Exercise:
Your job is to reproduce all of the data exactly.

Task input:
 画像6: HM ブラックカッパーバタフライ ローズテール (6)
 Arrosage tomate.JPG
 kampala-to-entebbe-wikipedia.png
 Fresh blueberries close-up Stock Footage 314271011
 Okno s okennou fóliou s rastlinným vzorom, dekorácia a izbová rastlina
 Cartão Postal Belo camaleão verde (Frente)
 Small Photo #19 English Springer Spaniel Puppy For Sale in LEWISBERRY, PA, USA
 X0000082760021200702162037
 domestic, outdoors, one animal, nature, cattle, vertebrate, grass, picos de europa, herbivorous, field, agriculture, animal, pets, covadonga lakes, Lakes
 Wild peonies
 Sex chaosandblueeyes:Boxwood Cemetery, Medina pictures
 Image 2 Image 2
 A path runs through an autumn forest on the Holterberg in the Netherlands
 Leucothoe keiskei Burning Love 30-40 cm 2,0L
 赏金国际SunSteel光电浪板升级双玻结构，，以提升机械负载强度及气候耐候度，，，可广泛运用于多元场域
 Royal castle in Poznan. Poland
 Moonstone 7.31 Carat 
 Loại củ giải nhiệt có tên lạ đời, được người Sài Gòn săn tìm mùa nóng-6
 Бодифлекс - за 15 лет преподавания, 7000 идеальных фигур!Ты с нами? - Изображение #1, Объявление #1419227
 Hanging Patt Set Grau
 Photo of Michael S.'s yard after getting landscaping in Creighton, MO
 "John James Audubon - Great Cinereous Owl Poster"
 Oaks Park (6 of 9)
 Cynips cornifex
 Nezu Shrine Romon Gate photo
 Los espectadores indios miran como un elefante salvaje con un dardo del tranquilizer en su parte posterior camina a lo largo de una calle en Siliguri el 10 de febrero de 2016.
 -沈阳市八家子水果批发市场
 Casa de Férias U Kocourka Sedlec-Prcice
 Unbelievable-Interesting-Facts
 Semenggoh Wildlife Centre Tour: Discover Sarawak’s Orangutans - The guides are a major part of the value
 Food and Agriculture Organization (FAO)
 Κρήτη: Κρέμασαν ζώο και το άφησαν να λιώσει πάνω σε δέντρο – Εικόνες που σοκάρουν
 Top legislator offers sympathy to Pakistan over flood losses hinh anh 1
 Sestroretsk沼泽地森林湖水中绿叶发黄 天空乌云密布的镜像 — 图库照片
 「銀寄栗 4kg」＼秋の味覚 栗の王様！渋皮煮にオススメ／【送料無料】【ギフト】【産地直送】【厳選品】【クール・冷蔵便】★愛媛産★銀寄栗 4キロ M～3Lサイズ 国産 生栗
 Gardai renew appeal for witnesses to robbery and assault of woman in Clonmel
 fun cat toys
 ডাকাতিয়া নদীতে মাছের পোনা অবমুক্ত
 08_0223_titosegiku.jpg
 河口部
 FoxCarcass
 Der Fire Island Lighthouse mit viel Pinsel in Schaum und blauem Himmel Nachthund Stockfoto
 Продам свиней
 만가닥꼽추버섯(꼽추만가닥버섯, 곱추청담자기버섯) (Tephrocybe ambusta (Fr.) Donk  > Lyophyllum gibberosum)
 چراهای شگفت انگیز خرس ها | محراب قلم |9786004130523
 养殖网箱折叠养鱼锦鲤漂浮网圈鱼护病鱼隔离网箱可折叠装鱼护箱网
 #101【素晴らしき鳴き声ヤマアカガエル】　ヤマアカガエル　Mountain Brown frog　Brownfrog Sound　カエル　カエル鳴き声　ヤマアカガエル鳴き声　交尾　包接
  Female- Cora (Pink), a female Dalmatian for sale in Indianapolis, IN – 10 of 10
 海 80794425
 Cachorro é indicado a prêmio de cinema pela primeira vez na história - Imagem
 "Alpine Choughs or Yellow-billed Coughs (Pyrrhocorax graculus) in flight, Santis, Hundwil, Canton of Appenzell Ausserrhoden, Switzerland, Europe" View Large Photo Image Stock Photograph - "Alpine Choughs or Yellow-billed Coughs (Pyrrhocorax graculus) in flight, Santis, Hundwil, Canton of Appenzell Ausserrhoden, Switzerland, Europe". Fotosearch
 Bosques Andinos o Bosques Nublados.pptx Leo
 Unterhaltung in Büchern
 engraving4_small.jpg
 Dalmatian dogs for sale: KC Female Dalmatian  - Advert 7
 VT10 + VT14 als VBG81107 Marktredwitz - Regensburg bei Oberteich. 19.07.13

Result for this exercise:
 画像6: HM ブラックカッパーバタフライ ローズテール (6)
 Arrosage tomate.JPG
 kampala-to-entebbe-wikipedia.png
 Fresh blueberries close-up Stock Footage 314271011
 Okno s okennou fóliou s rastlinným vzorom, dekorácia a izbová rastlina
 Cartão Postal Belo camaleão verde (Frente)
 Small Photo #19 English Springer Spaniel Puppy For Sale in LEWISBERRY, PA, USA
 X0000082760021200702162037
 domestic, outdoors, one animal, nature, cattle, vertebrate, grass, picos de europa, herbivorous, field, agriculture, animal, pets, covadonga lakes, Lakes
 Wild peonies
 Sex chaosandblueeyes:Boxwood Cemetery, Medina pictures
 Image 2 Image 2
 A path runs through an autumn forest on the Holterberg in the Netherlands
 Leucothoe keiskei Burning Love 30-40 cm 2,0L
 赏金国际SunSteel光电浪板升级双玻结构，，以提升机械负载强度及气候耐候度，，，可广泛运用于多元场域
 Royal castle in Poznan. Poland
 Moonstone 7.31 Carat 
 Loại củ giải nhiệt có tên lạ đời, được người Sài Gòn săn tìm mùa nóng-6
 Бодифлекс - за 15 лет преподавания, 7000 идеальных фигур!Ты с нами? - Изображение #1, Объявление #1419227
 Hanging Patt Set Grau
 Photo of Michael S.'s yard after getting landscaping in Creighton, MO
 "John James Audubon - Great Cinereous Owl Poster"
 Oaks Park (6 of 9)
 Cynips cornifex
 Nezu Shrine Romon Gate photo
 Los espectadores indios miran como un elefante salvaje con un dardo del tranquilizer en su parte posterior camina a lo largo de una calle en Siliguri el 10 de febrero de 2016.
 -沈阳市八家子水果批发市场
 Casa de Férias U Kocourka Sedlec-Prcice
 Unbelievable-Interesting-Facts
 Semenggoh Wildlife Centre Tour: Discover Sarawak’s Orangutans - The guides are a major part of the value
 Food and Agriculture Organization (FAO)
 Κρήτη: Κρέμασαν ζώο και το άφησαν να λιώσει πάνω σε δέντρο – Εικόνες που σοκάρουν
 Top legislator offers sympathy to Pakistan over flood losses hinh anh 1
 Sestroretsk沼泽地森林湖水中绿叶发黄 天空乌云密布的镜像 — 图库照片
 「銀寄栗 4kg」＼秋の味覚 栗の王様！渋皮煮にオススメ／【送料無料】【ギフト】【産地直送】【厳選品】【クール・冷蔵便】★愛媛産★銀寄栗 4キロ M～3Lサイズ 国産 生栗
 Gardai renew appeal for witnesses to robbery and assault of woman in Clonmel
 fun cat toys
 ডাকাতিয়া নদীতে মাছের পোনা অবমুক্ত
 08_0223_titosegiku.jpg
 河口部
 FoxCarcass
 Der Fire Island Lighthouse mit viel Pinsel in Schaum und blauem Himmel Nachthund Stockfoto
 Продам свиней
 만가닥꼽추버섯(꼽추만가닥버섯, 곱추청담자기버섯) (Tephrocybe ambusta (Fr.) Donk  > Lyophyllum gibberosum)
 چراهای شگفت انگیز خرس ها | محراب قلم |9786004130523
 养殖网箱折叠养鱼锦鲤漂浮网圈鱼护病鱼隔离网箱可折叠装鱼护箱网
 #101【素晴らしき鳴き声ヤマアカガエル】　ヤマアカガエル　Mountain Brown frog　Brownfrog Sound　カエル　カエル鳴き声　ヤマアカガエル鳴き声　交尾　包接
  Female- Cora (Pink), a female Dalmatian for sale in Indianapolis, IN – 10 of 10
 海 80794425
 Cachorro é indicado a prêmio de cinema pela primeira vez na história - Imagem
 "Alpine Choughs or Yellow-billed Coughs (Pyrrhocorax graculus) in flight, Santis, Hundwil, Canton of Appenzell Ausserrhoden, Switzerland, Europe" View Large Photo Image Stock Photograph - "Alpine Choughs or Yellow-billed Coughs (Pyrrhocorax graculus) in flight, Santis, Hundwil, Canton of Appenzell Ausserrhoden, Switzerland, Europe". Fotosearch
 Bosques Andinos o Bosques Nublados.pptx Leo
 Unterhaltung in Büchern
 engraving4_small.jpg
 Dalmatian dogs for sale: KC Female Dalmatian  - Advert 7
 VT10 + VT14 als VBG81107 Marktredwitz - Regensburg bei Oberteich. 19.07.13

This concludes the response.